> _SUPPLIED INFORMATION_
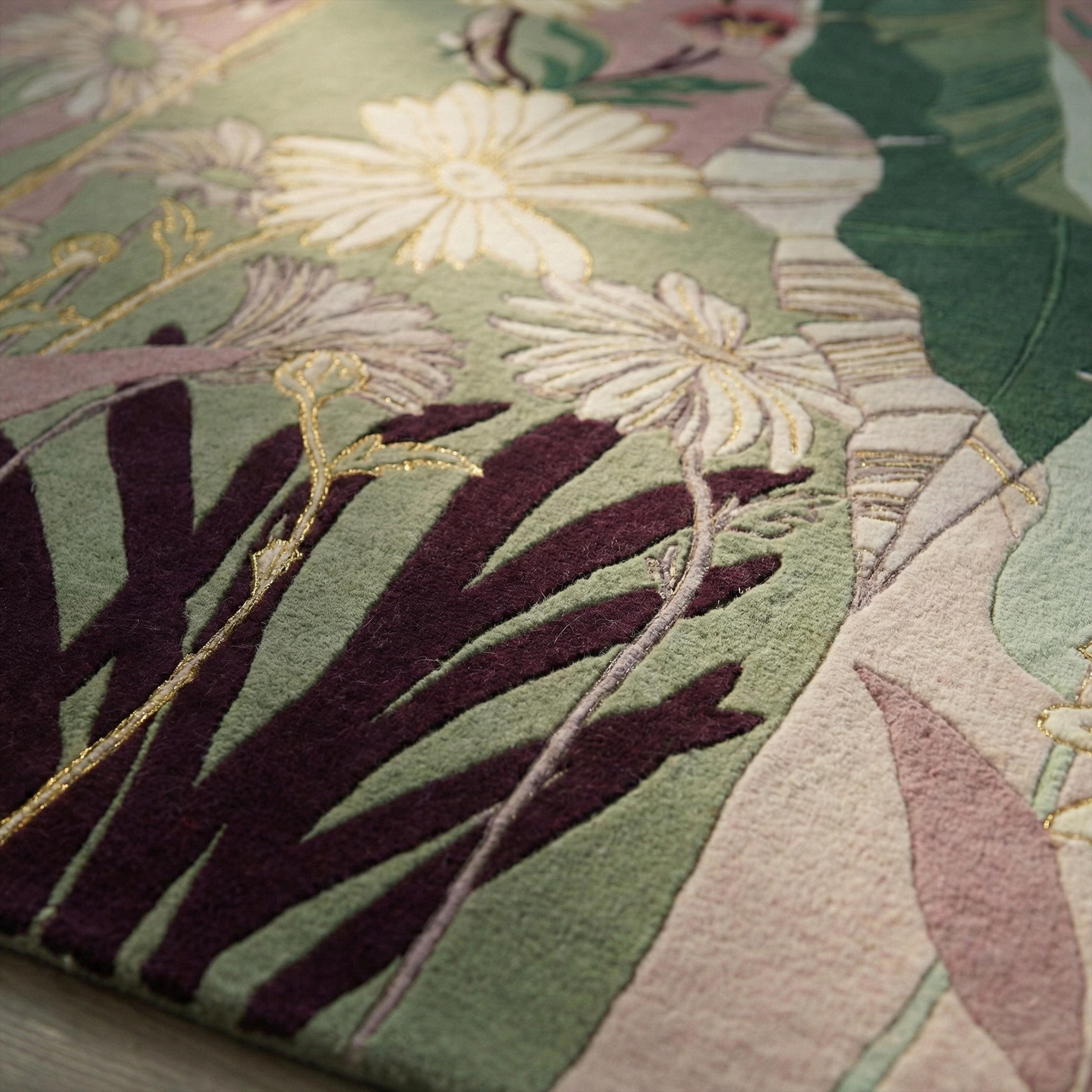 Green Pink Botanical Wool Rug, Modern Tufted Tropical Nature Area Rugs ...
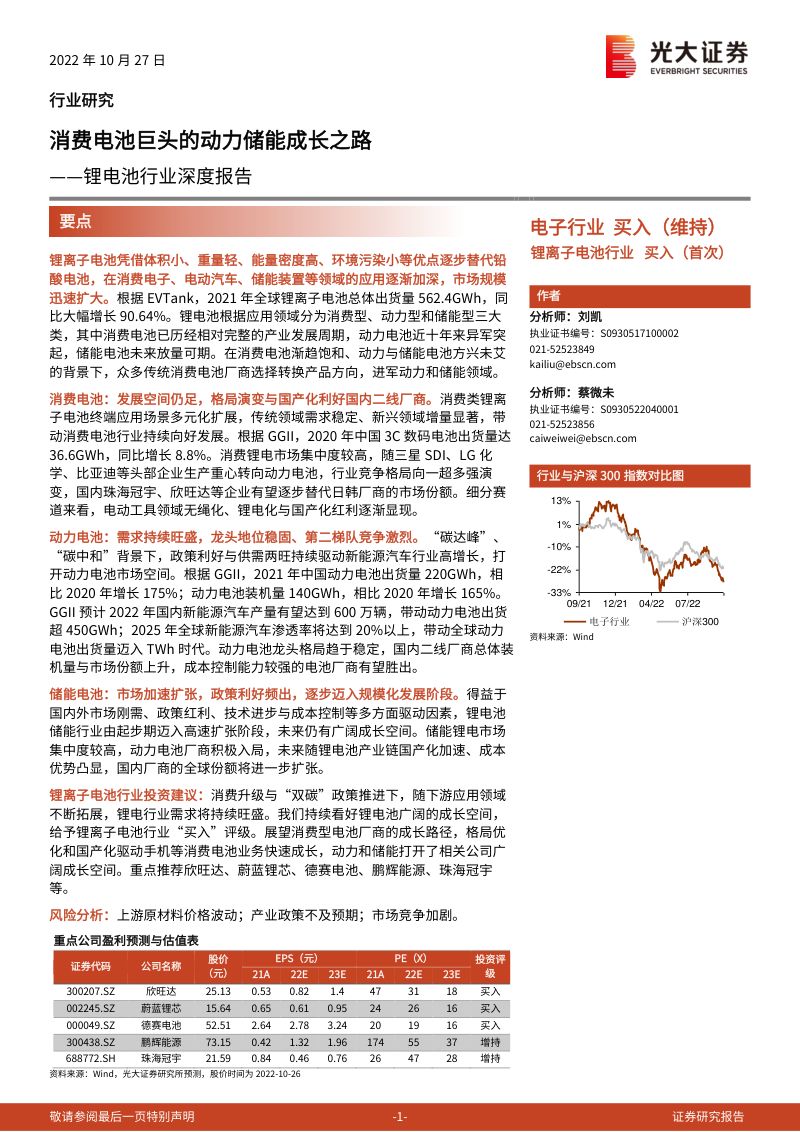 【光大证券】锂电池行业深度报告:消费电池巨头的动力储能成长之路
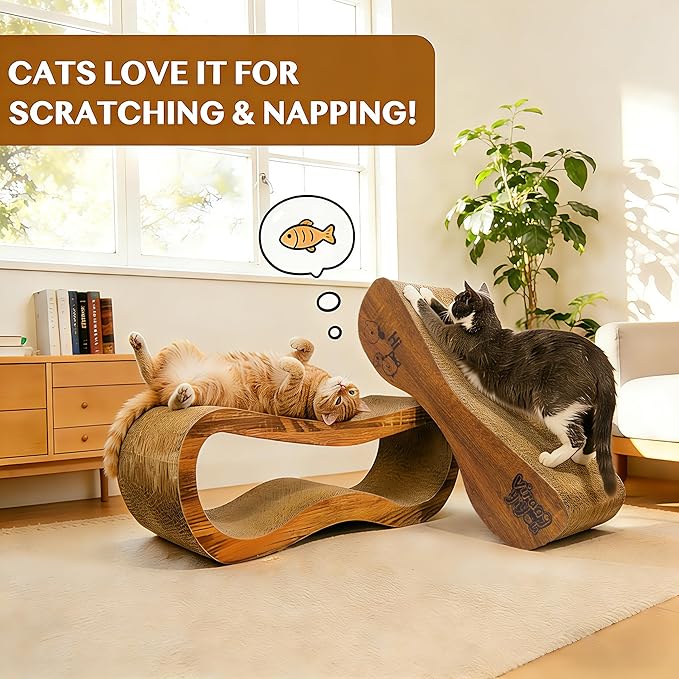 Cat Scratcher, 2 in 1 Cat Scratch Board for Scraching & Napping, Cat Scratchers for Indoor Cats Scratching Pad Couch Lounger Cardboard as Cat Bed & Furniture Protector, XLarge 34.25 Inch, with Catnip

> _WHAT THE EXERCISE ASKS_
An exact copy of the listing is required; return it without any pictures.

> _OUTPUT OF THE EXERCISE_
 Green Pink Botanical Wool Rug, Modern Tufted Tropical Nature Area Rugs ...
 【光大证券】锂电池行业深度报告:消费电池巨头的动力储能成长之路
 Cat Scratcher, 2 in 1 Cat Scratch Board for Scraching & Napping, Cat Scratchers for Indoor Cats Scratching Pad Couch Lounger Cardboard as Cat Bed & Furniture Protector, XLarge 34.25 Inch, with Catnip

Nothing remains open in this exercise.